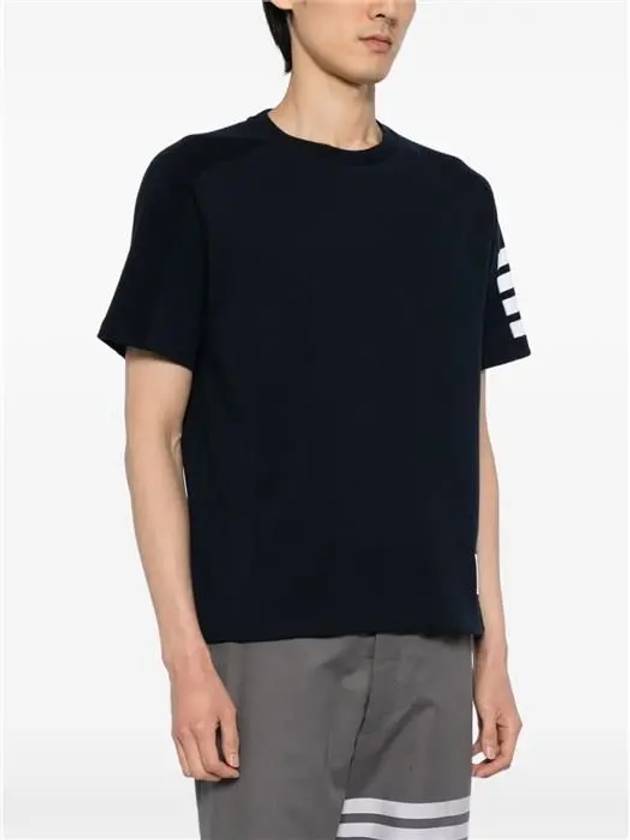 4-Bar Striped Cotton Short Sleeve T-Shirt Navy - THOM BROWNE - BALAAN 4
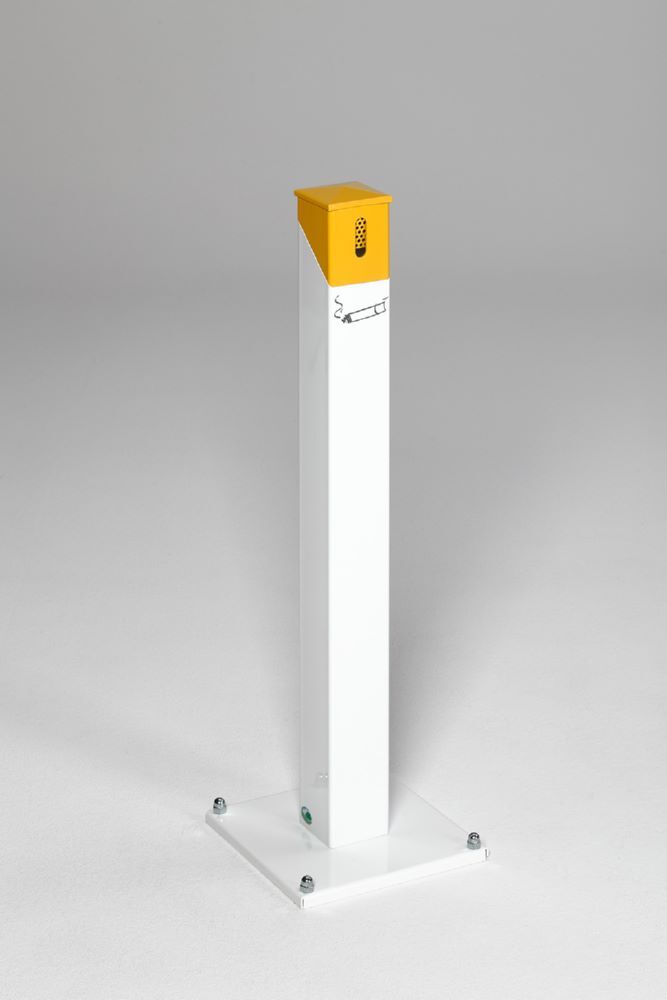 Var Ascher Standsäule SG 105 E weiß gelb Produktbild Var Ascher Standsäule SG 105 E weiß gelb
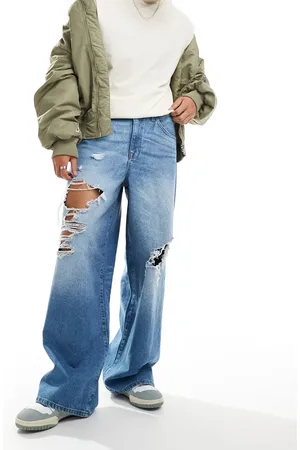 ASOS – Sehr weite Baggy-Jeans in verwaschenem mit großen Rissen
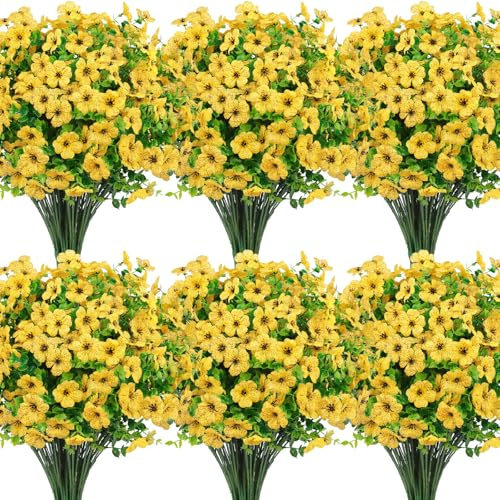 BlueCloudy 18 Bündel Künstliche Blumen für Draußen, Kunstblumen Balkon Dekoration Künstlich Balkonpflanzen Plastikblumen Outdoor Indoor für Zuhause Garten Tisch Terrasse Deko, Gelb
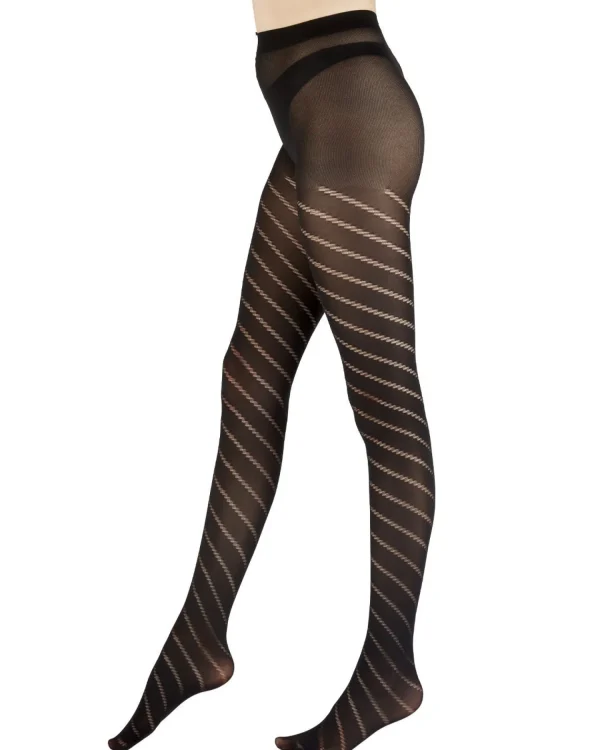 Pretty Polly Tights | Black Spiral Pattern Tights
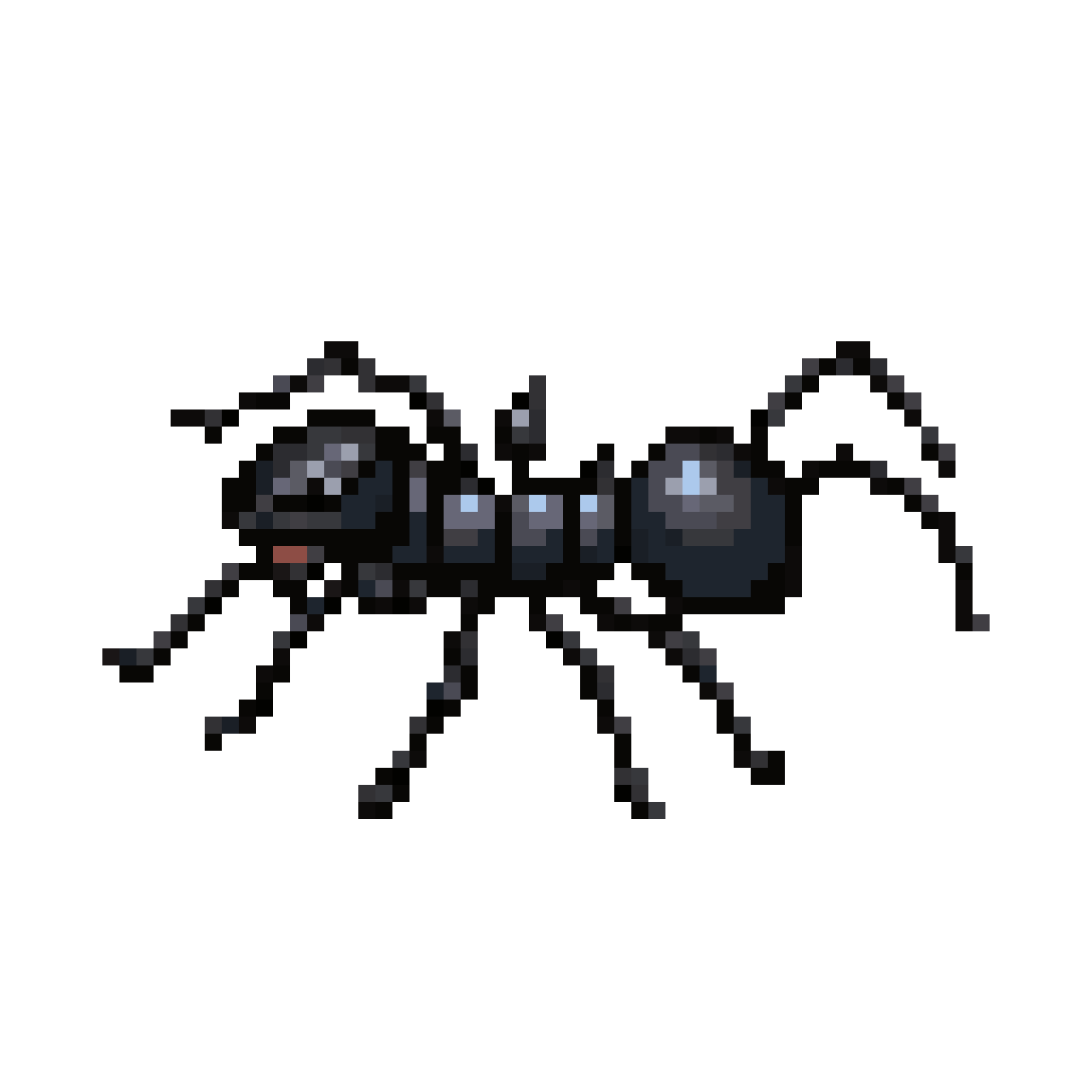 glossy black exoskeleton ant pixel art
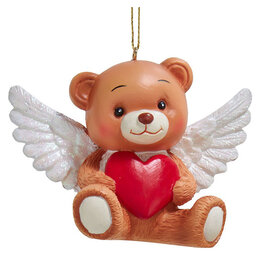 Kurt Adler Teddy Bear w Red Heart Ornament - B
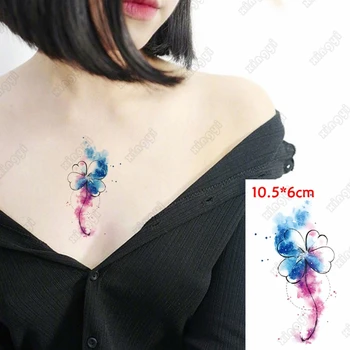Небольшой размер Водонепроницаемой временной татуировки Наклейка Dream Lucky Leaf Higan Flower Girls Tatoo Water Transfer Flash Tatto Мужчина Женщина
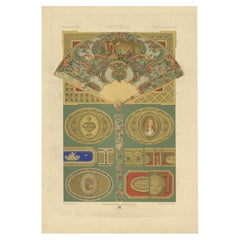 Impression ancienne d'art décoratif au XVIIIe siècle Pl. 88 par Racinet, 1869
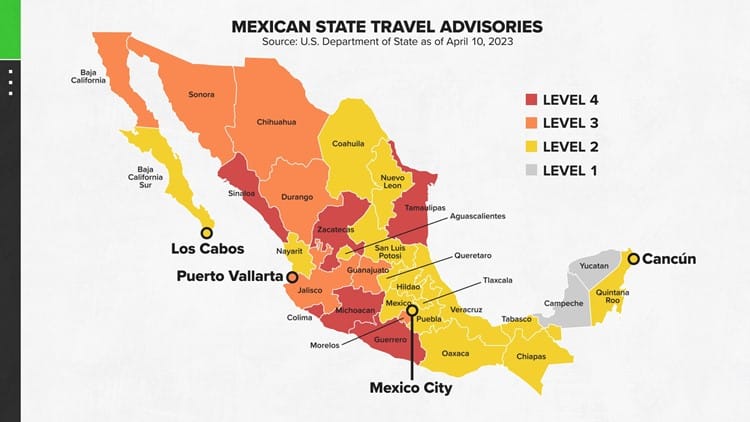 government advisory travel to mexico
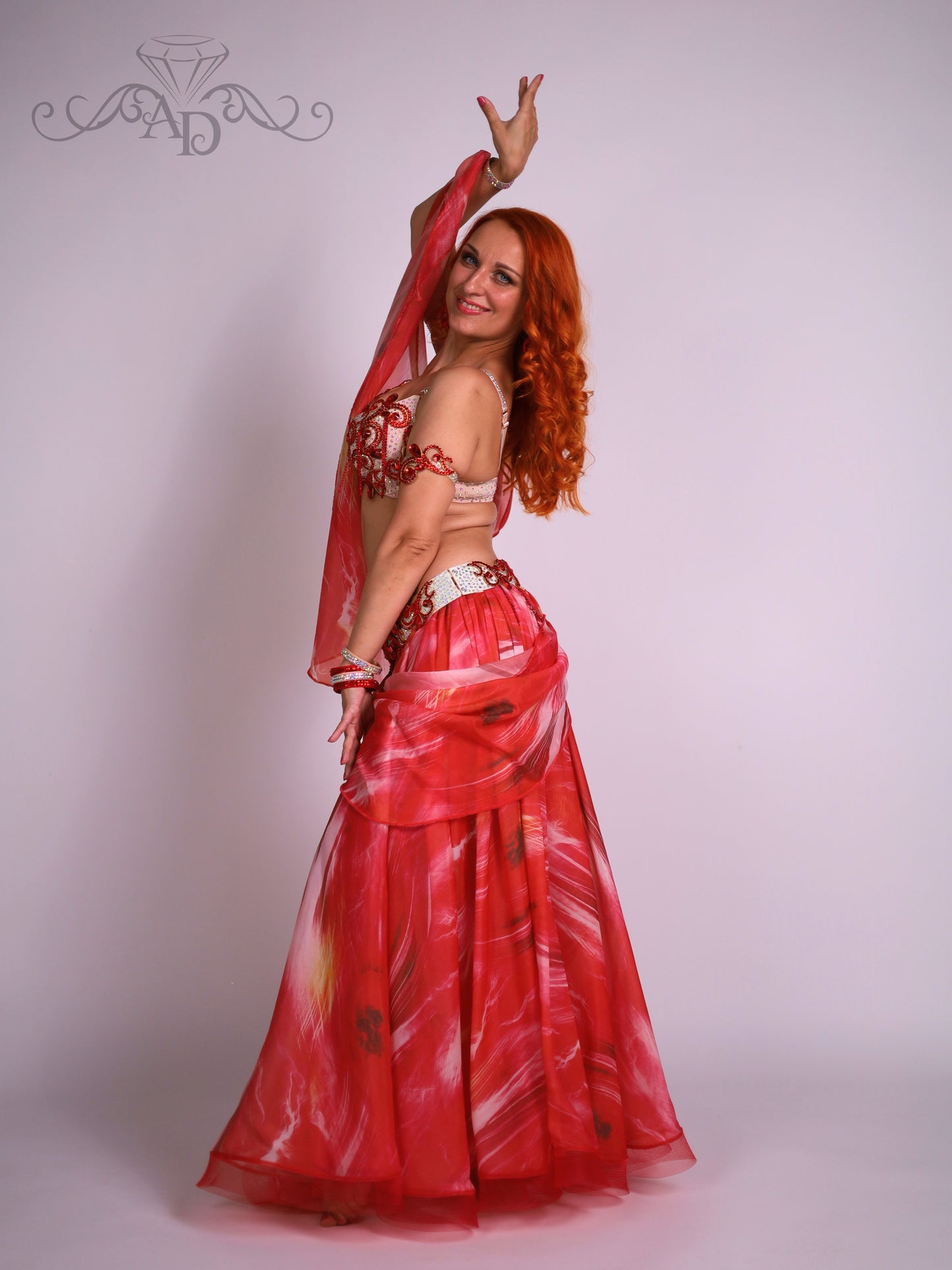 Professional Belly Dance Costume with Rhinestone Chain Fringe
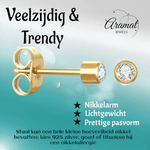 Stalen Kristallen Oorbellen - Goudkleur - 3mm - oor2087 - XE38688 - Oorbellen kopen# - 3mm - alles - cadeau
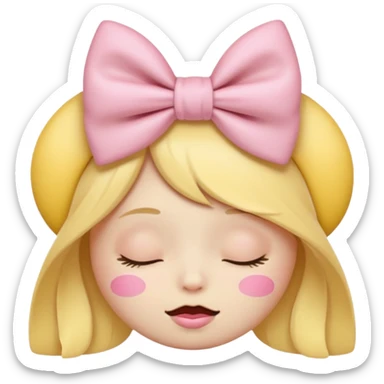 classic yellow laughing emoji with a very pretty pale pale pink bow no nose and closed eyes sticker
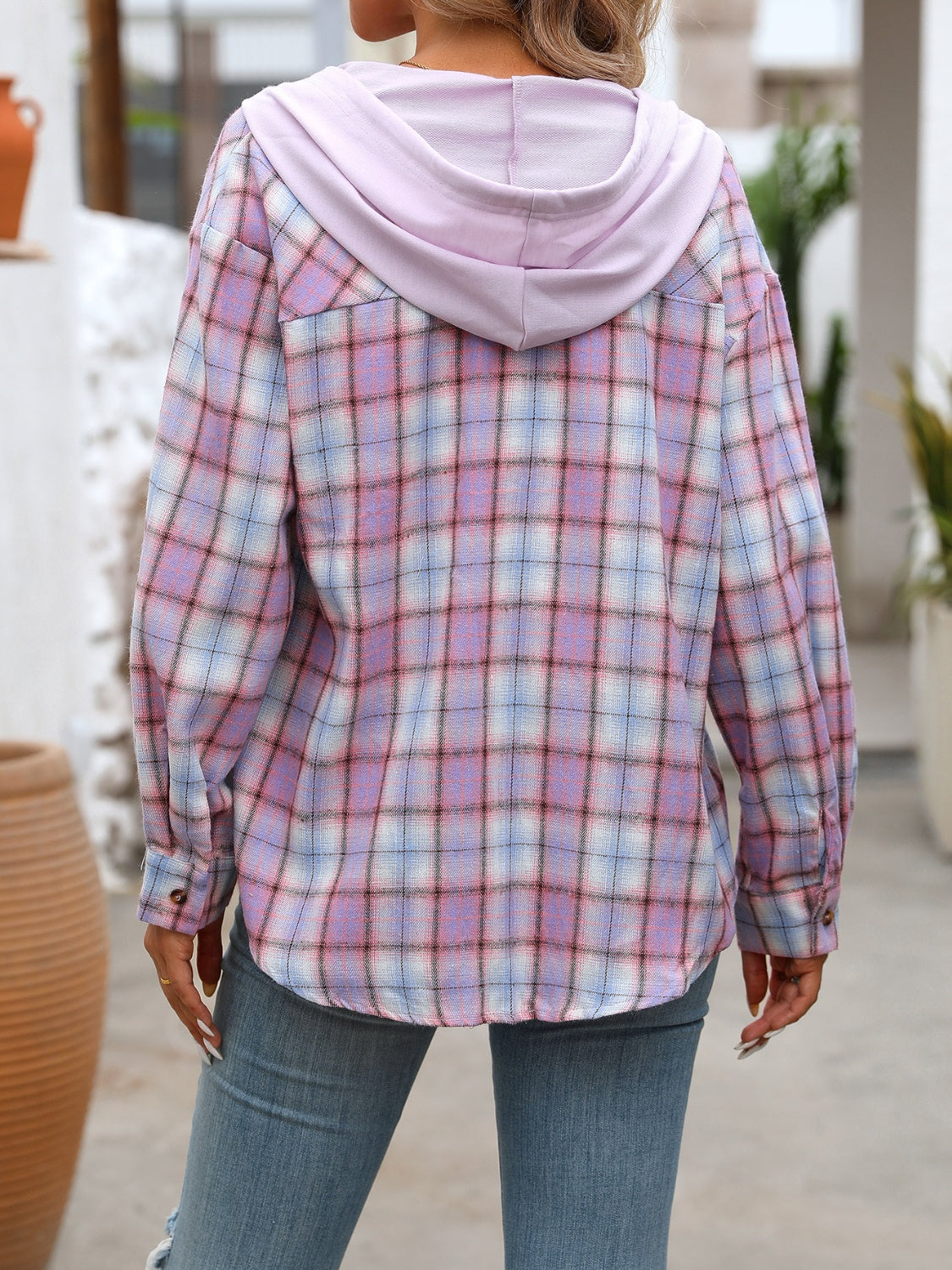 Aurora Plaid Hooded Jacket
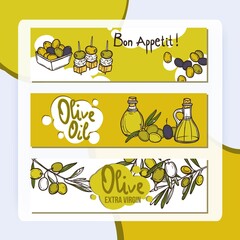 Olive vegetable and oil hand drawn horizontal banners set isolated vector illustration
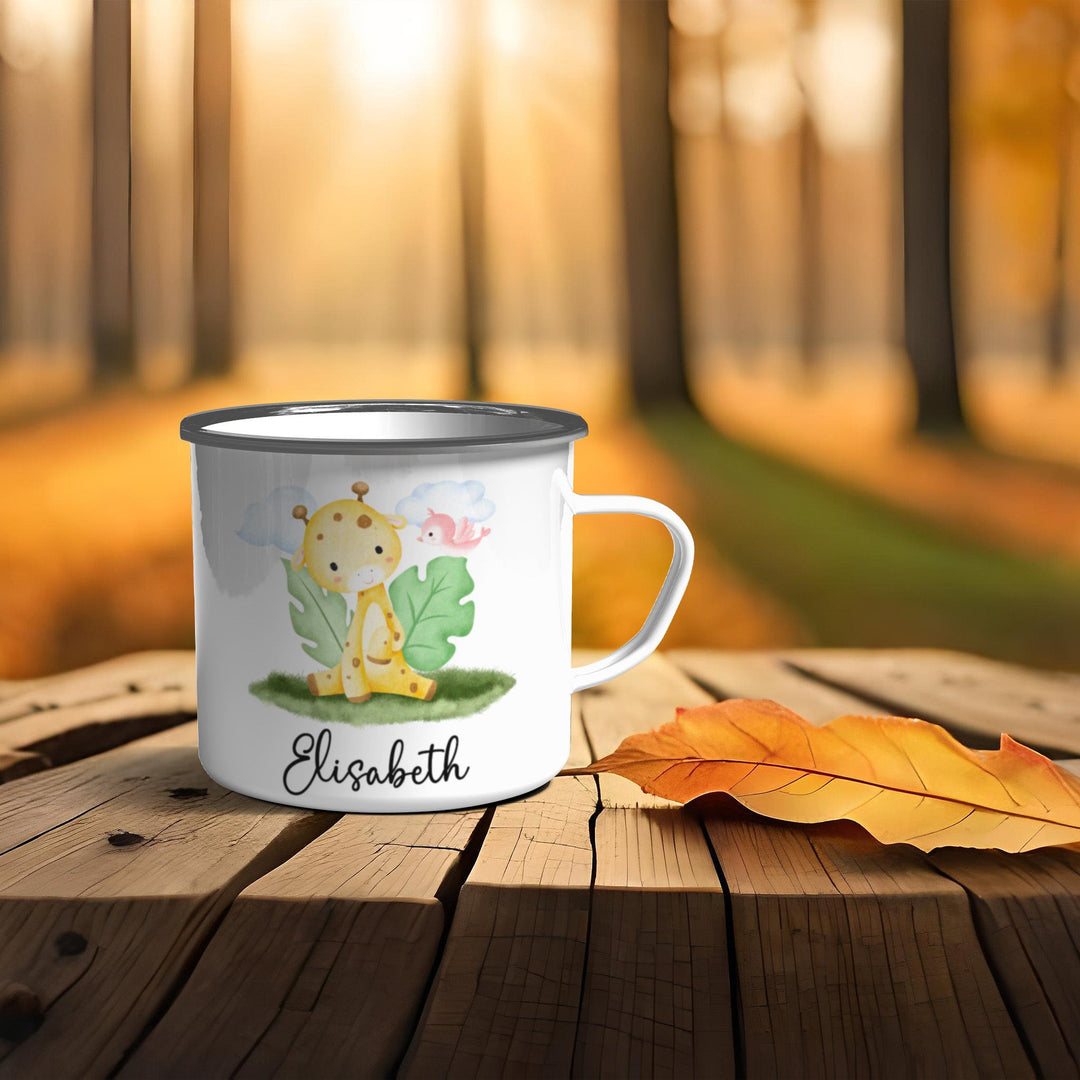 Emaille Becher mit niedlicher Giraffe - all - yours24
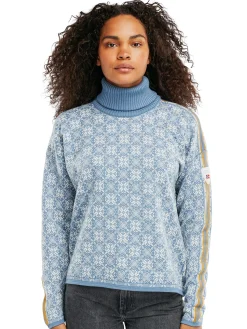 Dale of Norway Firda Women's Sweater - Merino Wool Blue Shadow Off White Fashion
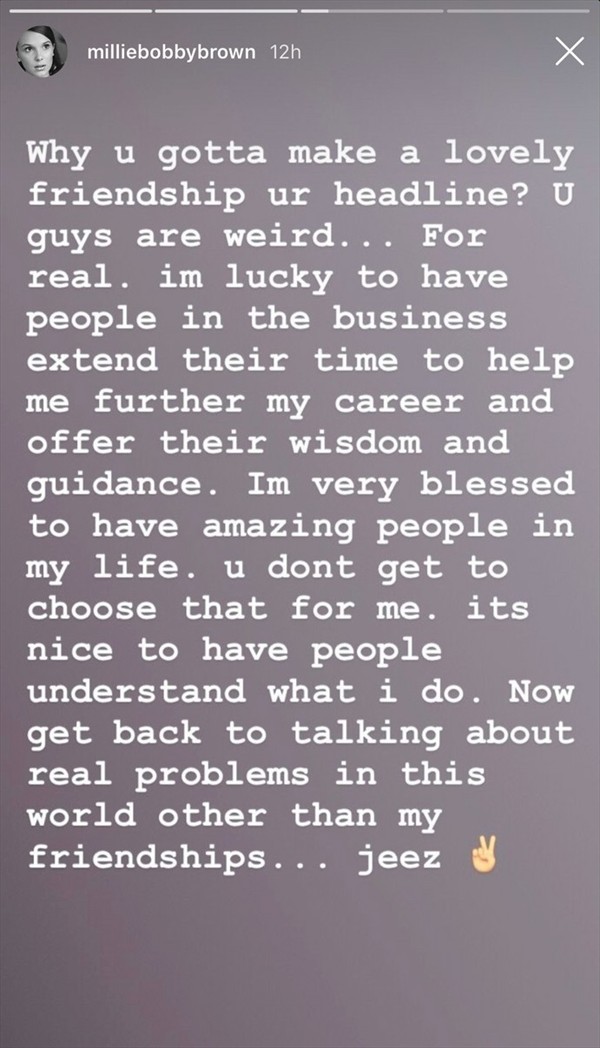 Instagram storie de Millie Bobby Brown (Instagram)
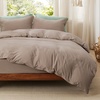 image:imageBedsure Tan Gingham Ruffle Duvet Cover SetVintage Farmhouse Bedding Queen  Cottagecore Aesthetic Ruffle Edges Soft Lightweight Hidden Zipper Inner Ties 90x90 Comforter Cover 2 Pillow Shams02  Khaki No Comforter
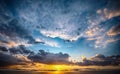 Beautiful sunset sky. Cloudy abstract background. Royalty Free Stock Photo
++++++++++
## Task details
Please set down the data above exactly as given, leaving every picture out.

## Response below
 4-Bar Striped Cotton Short Sleeve T-Shirt Navy - THOM BROWNE - BALAAN 4
 Var Ascher Standsäule SG 105 E weiß gelb Produktbild Var Ascher Standsäule SG 105 E weiß gelb
 ASOS – Sehr weite Baggy-Jeans in verwaschenem mit großen Rissen
 BlueCloudy 18 Bündel Künstliche Blumen für Draußen, Kunstblumen Balkon Dekoration Künstlich Balkonpflanzen Plastikblumen Outdoor Indoor für Zuhause Garten Tisch Terrasse Deko, Gelb
 Pretty Polly Tights | Black Spiral Pattern Tights
 glossy black exoskeleton ant pixel art
 Kurt Adler Teddy Bear w Red Heart Ornament - B
Небольшой размер Водонепроницаемой временной татуировки Наклейка Dream Lucky Leaf Higan Flower Girls Tatoo Water Transfer Flash Tatto Мужчина Женщина
 Impression ancienne d'art décoratif au XVIIIe siècle Pl. 88 par Racinet, 1869
 government advisory travel to mexico
 Professional Belly Dance Costume with Rhinestone Chain Fringe
 Stalen Kristallen Oorbellen - Goudkleur - 3mm - oor2087 - XE38688 - Oorbellen kopen# - 3mm - alles - cadeau
 classic yellow laughing emoji with a very pretty pale pale pink bow no nose and closed eyes sticker
 Aurora Plaid Hooded Jacket
 Olive vegetable and oil hand drawn horizontal banners set isolated vector illustration
 Emaille Becher mit niedlicher Giraffe - all - yours24
 Dale of Norway Firda Women's Sweater - Merino Wool Blue Shadow Off White Fashion
 Instagram storie de Millie Bobby Brown (Instagram)
 image:imageBedsure Tan Gingham Ruffle Duvet Cover SetVintage Farmhouse Bedding Queen  Cottagecore Aesthetic Ruffle Edges Soft Lightweight Hidden Zipper Inner Ties 90x90 Comforter Cover 2 Pillow Shams02  Khaki No Comforter
 Beautiful sunset sky. Cloudy abstract background. Royalty Free Stock Photo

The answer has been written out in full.